SOURCE INFORMATION Start Marker

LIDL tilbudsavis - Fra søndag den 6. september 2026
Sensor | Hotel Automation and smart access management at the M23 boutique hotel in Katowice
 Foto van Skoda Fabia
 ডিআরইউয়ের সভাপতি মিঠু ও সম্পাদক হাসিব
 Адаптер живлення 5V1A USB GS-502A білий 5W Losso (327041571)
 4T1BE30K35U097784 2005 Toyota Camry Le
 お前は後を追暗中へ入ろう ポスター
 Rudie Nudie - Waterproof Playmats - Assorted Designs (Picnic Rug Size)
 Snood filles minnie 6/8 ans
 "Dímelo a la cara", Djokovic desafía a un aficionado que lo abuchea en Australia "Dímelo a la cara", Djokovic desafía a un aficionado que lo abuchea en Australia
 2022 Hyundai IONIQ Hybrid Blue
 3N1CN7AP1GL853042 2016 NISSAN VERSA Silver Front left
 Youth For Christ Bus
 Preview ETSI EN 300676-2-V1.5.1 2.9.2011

SOURCE INFORMATION End Marker

AIM OF THE EXERCISE
The whole of the material should be restated word for word.

PROBLEM SOLUTION
LIDL tilbudsavis - Fra søndag den 6. september 2026
Sensor | Hotel Automation and smart access management at the M23 boutique hotel in Katowice
 Foto van Skoda Fabia
 ডিআরইউয়ের সভাপতি মিঠু ও সম্পাদক হাসিব
 Адаптер живлення 5V1A USB GS-502A білий 5W Losso (327041571)
 4T1BE30K35U097784 2005 Toyota Camry Le
 お前は後を追暗中へ入ろう ポスター
 Rudie Nudie - Waterproof Playmats - Assorted Designs (Picnic Rug Size)
 Snood filles minnie 6/8 ans
 "Dímelo a la cara", Djokovic desafía a un aficionado que lo abuchea en Australia "Dímelo a la cara", Djokovic desafía a un aficionado que lo abuchea en Australia
 2022 Hyundai IONIQ Hybrid Blue
 3N1CN7AP1GL853042 2016 NISSAN VERSA Silver Front left
 Youth For Christ Bus
 Preview ETSI EN 300676-2-V1.5.1 2.9.2011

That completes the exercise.